# Ребята помогите с выбором аккордеона



## lutchak_vasya (3 Фев 2013)

Ребята помогите с выбором аккордеона. Цена до 7000 Евро. Разговаривал с мастером Посоветовал мне s4 - s5 и сказщав что в итальянских инструментах скоро ломаются звуки.
Правда это или нет.
Именно мне нравятся такие модели - SCANDALLI BJP 462, Scandalli Polifonico X, Vignoni, модель FS 15 VSX +, 47 клавіш, Vignoni Bach Compact.


----------



## _Scandalli_ (3 Фев 2013)

Василий, мастер сказал правду. Итальянцы действительно быстрее "ломаются", но я не думаю, что это веский довод, чтобы не брать итальянца. Я бы взял) А из предложенных вами вариантов... Конечно же скандалли) Хотя Виньони легче, а вы, я смотрю, стоя играете... Качественней конечно же Скандалли)
А у меня С4 и я абсолютно не жалуюсь) Он и намного легче С5, и мне как-то играть на нем удобнее...)


----------



## Vladimir Anikin (3 Фев 2013)

Здравствуйте! Не знаю, что у других владельцев быстро ломается на "итальянцах", по собственному опыту владения таковыми могу сказать, что сломать голос на таких инструментах (конечно, сейчас много "не совсем итальянцев", я же имею ввиду настоящую "Италию") нужно умудриться, ни разу такого не было на десятке инструментов, которые были у меня "в поле зрения". По качеству механики, эргономичности и тембрам "s4" и "s5" уступают многократно (4 года играл на "s5", после покупки итальянского аккордеона на немцев смотреть - играть не могу).
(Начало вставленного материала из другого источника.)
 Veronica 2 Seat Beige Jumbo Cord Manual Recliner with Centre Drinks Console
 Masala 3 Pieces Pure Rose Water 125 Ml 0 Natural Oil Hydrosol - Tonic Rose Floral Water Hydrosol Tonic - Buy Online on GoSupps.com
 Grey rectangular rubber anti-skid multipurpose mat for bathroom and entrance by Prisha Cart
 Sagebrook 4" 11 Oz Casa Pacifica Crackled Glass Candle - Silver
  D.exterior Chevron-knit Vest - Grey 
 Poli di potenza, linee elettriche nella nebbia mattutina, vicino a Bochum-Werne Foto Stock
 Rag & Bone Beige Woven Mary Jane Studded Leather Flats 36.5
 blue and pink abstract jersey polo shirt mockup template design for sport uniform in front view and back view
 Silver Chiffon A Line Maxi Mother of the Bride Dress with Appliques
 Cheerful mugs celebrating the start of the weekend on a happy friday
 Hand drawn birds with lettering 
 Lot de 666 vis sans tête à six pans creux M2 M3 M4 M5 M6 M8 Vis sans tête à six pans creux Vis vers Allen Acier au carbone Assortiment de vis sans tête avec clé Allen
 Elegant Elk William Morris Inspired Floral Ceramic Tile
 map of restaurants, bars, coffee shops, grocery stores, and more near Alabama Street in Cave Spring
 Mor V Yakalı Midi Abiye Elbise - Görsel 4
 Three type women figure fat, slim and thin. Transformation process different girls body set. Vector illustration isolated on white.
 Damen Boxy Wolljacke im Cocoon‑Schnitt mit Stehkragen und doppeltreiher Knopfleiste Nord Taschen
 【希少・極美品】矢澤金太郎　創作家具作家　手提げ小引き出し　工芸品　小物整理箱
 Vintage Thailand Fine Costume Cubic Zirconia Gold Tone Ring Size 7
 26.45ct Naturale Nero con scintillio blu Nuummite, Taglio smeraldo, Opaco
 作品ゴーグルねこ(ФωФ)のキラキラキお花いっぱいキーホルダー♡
За 7000евро можно купить расширенный новый итальянский инструмент с выборкой и всем, что нужно для профессиональной деятельности.


----------



## lutchak_vasya (4 Фев 2013)

Напишите которую вы посоветовали взять марку!!


----------



## Vladimir Anikin (4 Фев 2013)

Я играю на Виньёни, меня всё устраивает. Конечно, есть Скандалли, Борсини, Пиджини и много других хороших марок (если нет азиатских вмешательств), но здесь встаёт вопрос денежный)) Они дороже)


----------



## Bulgarin (5 Фев 2013)

на 47 клавиш только не нужно! fantini - нужно смотреть каждый инструмент(готовые более сбалансированы), scandalli -если найдете за вменяемые деньги, но ничего особенного, borsini - они дороже, но, отличаются, сильно отличаются, и весом, bugari- механика на высоте, голоса-как повезет, vignoni- опять же- смотреть. pigini- дорого!


----------